“If I had an hour to save the world I would spend 59 minutes defining the problem and one minute finding solutions”
- Al Einstein

Monday, December 6, 2010

My Grading System

     I asked my students what they thought of my grading system (thank you, Google Forms). As I mentioned in my last post, I'm using SBG for the first time this year, and its exciting and nerve-wracking. Most of the feedback I've gotten so far has been positive, but naturally, I want to focus on the negative.

     Most student think that my system penalizes low scores on skills to heavily. They might be right. Here is the whole system, but the dirty of it is that if their score on any skill is a 2, they highest grade they can get is a B, even if every other score is a 4. If they have a 1, the highest possible grade is a C-.

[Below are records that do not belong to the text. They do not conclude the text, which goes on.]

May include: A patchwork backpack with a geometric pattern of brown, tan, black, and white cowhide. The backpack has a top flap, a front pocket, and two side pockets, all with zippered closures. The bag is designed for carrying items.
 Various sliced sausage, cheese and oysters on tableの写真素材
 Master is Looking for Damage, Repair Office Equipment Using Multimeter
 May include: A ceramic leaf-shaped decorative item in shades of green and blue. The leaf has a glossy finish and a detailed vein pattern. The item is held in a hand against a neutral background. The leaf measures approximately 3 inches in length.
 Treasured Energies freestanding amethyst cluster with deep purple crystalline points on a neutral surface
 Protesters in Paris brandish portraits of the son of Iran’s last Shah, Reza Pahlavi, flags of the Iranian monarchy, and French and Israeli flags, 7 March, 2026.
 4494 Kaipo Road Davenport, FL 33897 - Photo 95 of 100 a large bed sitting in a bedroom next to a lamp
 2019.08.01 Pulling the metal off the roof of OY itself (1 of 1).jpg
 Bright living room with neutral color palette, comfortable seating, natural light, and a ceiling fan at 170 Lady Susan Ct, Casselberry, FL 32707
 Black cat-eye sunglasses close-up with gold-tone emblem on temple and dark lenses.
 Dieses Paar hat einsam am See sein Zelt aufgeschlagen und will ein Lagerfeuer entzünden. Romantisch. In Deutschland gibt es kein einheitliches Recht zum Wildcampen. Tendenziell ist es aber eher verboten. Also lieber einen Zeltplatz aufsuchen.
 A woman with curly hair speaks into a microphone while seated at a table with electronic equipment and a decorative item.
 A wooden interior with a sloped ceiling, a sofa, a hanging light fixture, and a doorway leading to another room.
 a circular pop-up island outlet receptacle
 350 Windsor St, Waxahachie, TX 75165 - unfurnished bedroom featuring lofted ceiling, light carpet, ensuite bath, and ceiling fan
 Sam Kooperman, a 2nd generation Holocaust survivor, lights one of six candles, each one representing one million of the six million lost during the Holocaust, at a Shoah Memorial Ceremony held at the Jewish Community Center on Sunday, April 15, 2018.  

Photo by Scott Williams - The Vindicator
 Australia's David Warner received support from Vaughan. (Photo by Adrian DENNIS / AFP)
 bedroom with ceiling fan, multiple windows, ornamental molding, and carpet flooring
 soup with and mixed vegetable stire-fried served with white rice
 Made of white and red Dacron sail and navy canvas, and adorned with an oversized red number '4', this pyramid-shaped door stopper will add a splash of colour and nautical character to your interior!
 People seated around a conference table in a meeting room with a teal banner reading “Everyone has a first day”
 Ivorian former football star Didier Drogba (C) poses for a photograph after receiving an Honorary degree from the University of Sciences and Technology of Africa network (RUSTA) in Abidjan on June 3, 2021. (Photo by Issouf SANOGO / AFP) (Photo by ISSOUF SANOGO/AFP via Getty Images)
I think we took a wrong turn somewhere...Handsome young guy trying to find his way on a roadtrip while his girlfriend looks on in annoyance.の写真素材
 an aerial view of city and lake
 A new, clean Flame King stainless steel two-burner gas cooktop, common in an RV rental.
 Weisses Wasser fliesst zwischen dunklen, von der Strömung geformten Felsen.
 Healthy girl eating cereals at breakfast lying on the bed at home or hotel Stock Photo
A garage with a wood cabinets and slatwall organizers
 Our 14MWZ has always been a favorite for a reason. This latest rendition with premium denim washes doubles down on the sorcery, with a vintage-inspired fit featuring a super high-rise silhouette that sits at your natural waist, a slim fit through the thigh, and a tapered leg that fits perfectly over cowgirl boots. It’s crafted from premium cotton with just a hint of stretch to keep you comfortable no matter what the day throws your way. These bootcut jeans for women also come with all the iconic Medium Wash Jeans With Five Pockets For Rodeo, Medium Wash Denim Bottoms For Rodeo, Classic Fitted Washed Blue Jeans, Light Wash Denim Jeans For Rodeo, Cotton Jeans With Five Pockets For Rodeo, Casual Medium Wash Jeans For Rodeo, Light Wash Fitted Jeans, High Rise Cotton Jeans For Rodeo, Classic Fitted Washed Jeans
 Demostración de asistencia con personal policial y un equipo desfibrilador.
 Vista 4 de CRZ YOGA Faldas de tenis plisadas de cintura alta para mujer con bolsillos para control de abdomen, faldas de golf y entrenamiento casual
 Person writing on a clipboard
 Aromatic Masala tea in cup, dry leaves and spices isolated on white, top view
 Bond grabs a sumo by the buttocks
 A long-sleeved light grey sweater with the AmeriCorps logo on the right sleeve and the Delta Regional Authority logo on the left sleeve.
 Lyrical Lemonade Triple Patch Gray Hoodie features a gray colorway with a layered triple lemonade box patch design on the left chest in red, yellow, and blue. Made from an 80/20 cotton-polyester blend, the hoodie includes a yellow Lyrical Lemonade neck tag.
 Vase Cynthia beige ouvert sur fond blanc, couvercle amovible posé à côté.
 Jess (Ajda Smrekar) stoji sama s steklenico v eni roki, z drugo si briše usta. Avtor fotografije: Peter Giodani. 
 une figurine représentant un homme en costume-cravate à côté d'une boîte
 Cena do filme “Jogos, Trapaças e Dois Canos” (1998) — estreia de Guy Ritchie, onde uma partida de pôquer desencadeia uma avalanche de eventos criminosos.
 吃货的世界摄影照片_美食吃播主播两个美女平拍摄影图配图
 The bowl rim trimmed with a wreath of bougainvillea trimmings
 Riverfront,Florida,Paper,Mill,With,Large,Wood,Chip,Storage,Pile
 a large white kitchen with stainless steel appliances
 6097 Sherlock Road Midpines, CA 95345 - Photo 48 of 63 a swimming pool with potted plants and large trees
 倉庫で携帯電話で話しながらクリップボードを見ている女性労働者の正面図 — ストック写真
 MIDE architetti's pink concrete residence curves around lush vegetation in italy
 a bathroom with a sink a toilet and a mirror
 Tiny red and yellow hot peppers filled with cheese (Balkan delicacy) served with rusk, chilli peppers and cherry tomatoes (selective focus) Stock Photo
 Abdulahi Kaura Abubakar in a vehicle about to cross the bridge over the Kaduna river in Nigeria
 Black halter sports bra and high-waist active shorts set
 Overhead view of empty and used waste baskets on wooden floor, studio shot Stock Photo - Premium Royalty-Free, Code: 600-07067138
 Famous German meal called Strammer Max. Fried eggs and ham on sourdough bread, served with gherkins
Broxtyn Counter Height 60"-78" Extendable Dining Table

     My reasoning is that if there is a skill that you have absolutely no understanding of (score of 1), then it should be your first priority to strengthen that skill. To raise a skill from a 1 to a 2 doesn't take much... I just need to see that you've got some clue what's going on and what you're trying to do. You don't even need to be able to successfully solve a single problem.

     If you're sitting on a whole bunch of 2's, then I'm pretty confident you're a C student. You can take part in the conversation and not make a fool of yourself, but you're not blazing the trail (usually). The real issue comes when a student has a whole bunch of 4's, and a 2 on one skill. They argue that the one 2 shouldn't bring their grade down to a B. I argue that they should turn that 2 into a 3. Is that too simplistic?

     I know there are so many other systems out there for converting a list of skills into a letter grade... Anyone have a favorite?